Elliott vuole i dati media e va l'attacco di Nielsen

Il fondo di Singer, già socio con l'8%, ora preme per rilevare il colosso delle ricerche di mercato

Elliott vuole i dati media e va l'attacco di Nielsen

Prima la rete, poi i dati, un binomio invincibile per un futuro sempre più digitale. Elliott fa rotta sui trend di consumo e le abitudini di acquisto di oltre cento Paesi, le ricerche di mercato e l'audience tv (comprese le trasmissioni in streaming offerte da Netflix e Amazon) dopo aver scommesso sull'evoluzione della banda larga con l'ingresso la scorsa primavera in Tim (dove ha l'8,85% e, in alleanza con la Cdp, ha conquistato il timone della governance) e poi in Vodafone su cui il fondo è dato in azione anche se non si hanno notizie precise in merito alla quota detenuta.

Il fondo attivista creato da Paul Singer ha infatti rilevato, l'8,4% di Nielsen Holdings, la società che, nel 1923, ha inventato le ricerche di mercato e che tra l'altro, in Italia, fornisce i dati ad Auditel e Audiweb. Complice il rapido cambiamento dell'universo dei media, la rivoluzione delle abitudini di acquisto dettata da internet, oltre alla conseguente trasformazione degli investimenti pubblicitari, la società da inizio anno ha perso oltre il 40% della propria capitalizzazione di mercato.
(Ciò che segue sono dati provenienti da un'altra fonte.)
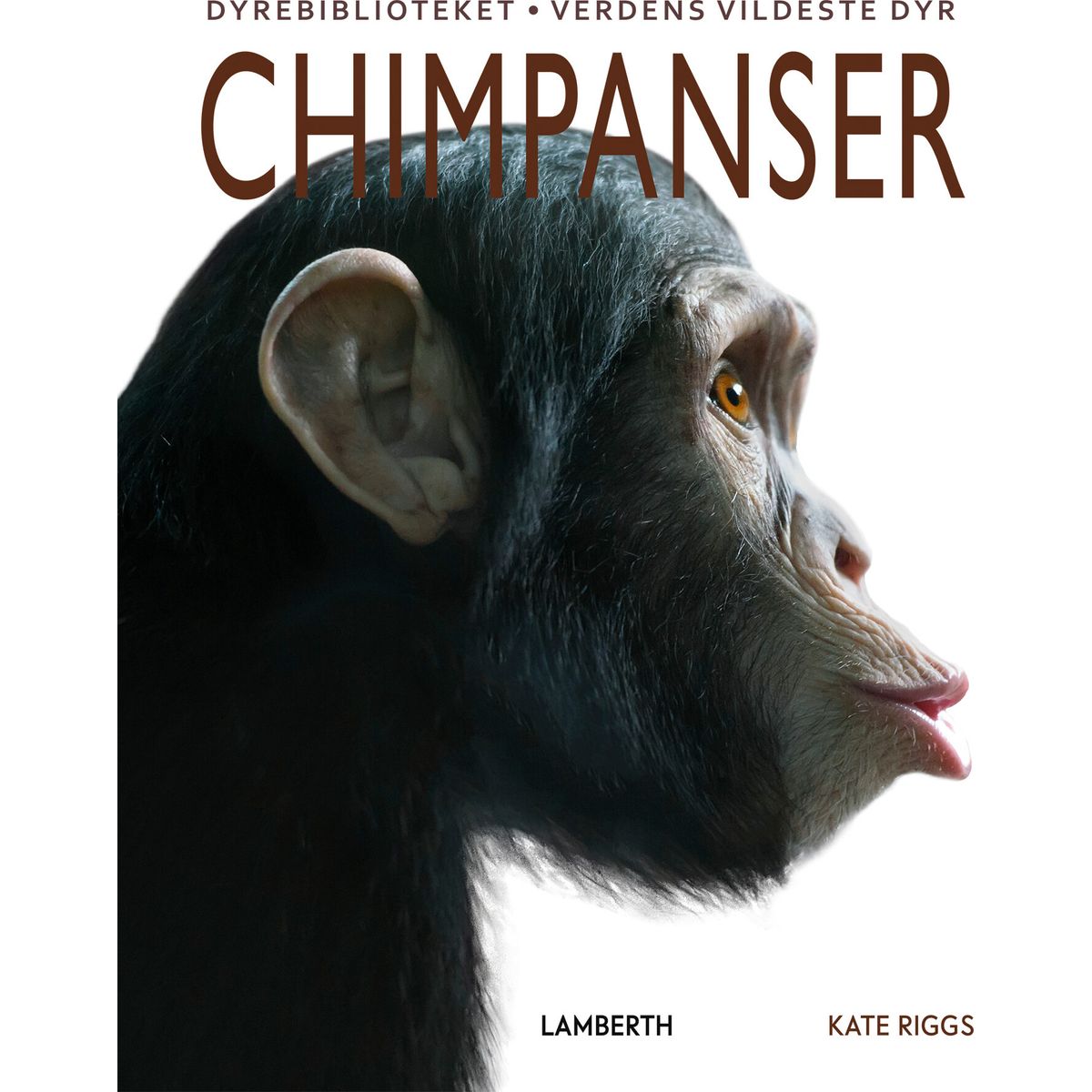 Chimpanser - Kate Riggs - Bog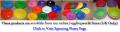 Jugglingworld Online Store / Steve the Juggler image 6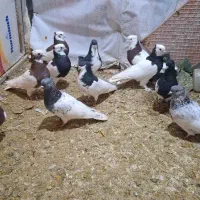 کبوتر طوقی و کله  و شهری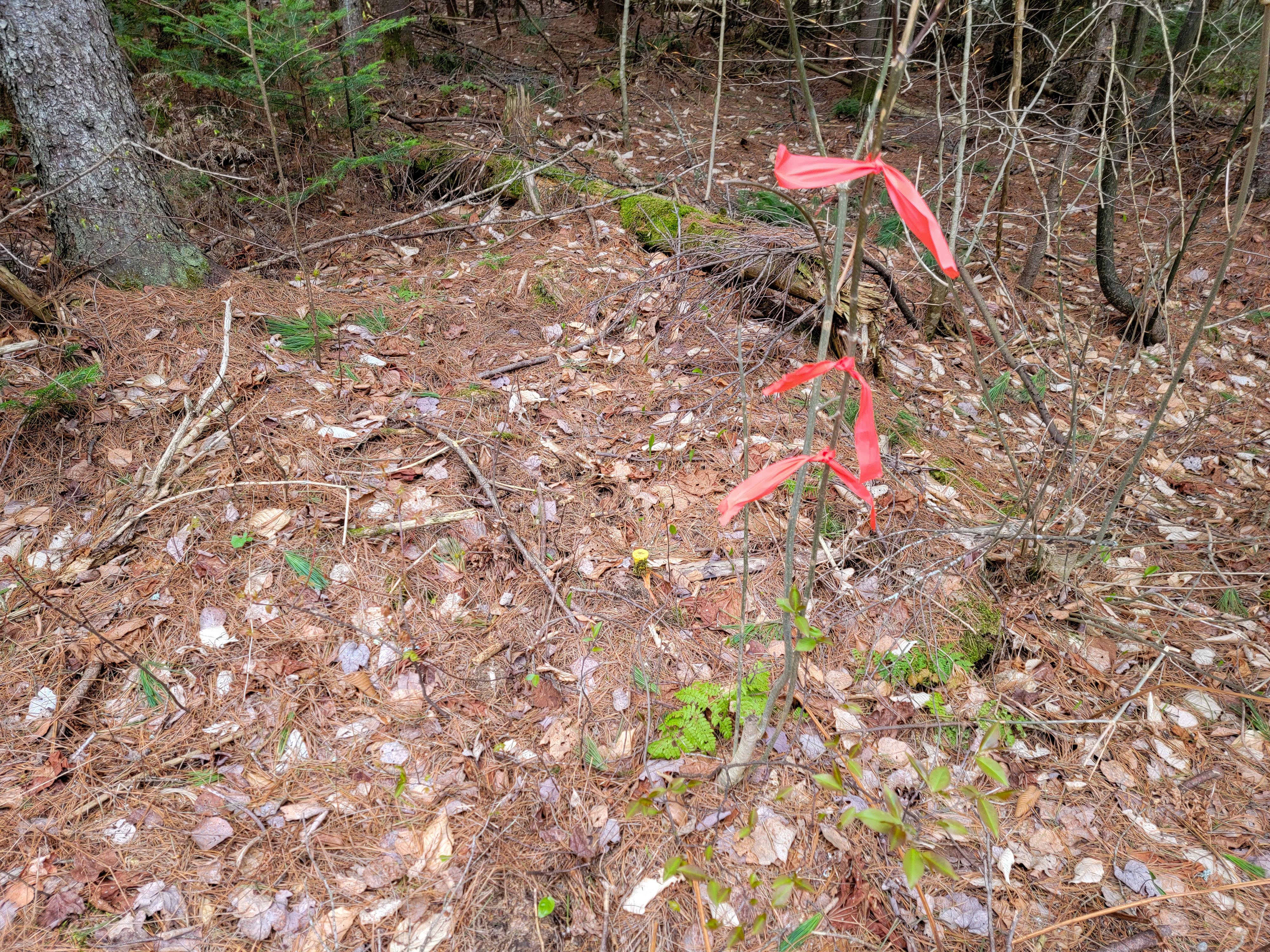 Listing Image 15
Si tratta della terza peggiore performance registrata da gennaio sull'S&P500. E, con il titolo intorno a 24 dollari, assai lontano dai massimi toccati nel luglio 2016 a 55,8 dollari.

Quale è l'obiettivo di Elliott, diventato quarto azionista dietro Vanguard Group, Fidelity Management e Capital Research Global investors? A quanto sembra il rilancio, la separazione e la messa in vendita delle divisioni del gruppo. Un portavoce di Nielsen ha fatto sapere che la società e il suo cda «accolgono con favore le opinioni degli azionisti, incluso Elliott».

Gli oltre 6,5 miliardi di dollari di fatturato generati dal gruppo derivano per il 51% proprio dall'analisi di ciò che guardano i consumatori (la cosiddetta divisione «watch»), mentre per il 49% da come acquistano (l'area «buy»). A livello di redditività il segmento «watch» presenta un margine operativo lordo al 44% dei giro d'affari, mentre quello «buy» si ferma al 18 per cento. Nielsen ha annunciato a fine luglio una profonda revisione del business dei dati sui consumi e, sul fronte dell'analisi dell'audience, si è adeguata alle stelle del web per tenere il passo con le mutate esigenze dei clienti. Ma i conti non tornano. Nel secondo trimestre la società ha visto gli utili franare del 45% a 72 milioni su un giro d'affari di 858 milioni (-4,5%). Non solo la leva (il rapporto tra debito e margine operativo lordo) a fine giugno si attestava a 4,16 (in genere il punto di equilibrio è visto dagli analisti a 3). Su queste basi Nielsen ha rivisto al ribasso le proprie stime sul 2018 portando le attese di utile per azione a 0,95-1 dollari dai precedenti 1,5-1,56 dollari e i flussi di cassa a 550-575 milioni da 800 milioni.

Non è un caso che il direttore finanziario Jamere Jackson abbia dichiarato in merito «si tratta di uno dei trimestri più difficili in oltre un decennio». Un periodo ancor più complesso visto che l'ad, Mitch Barns, è in uscita a fine anno.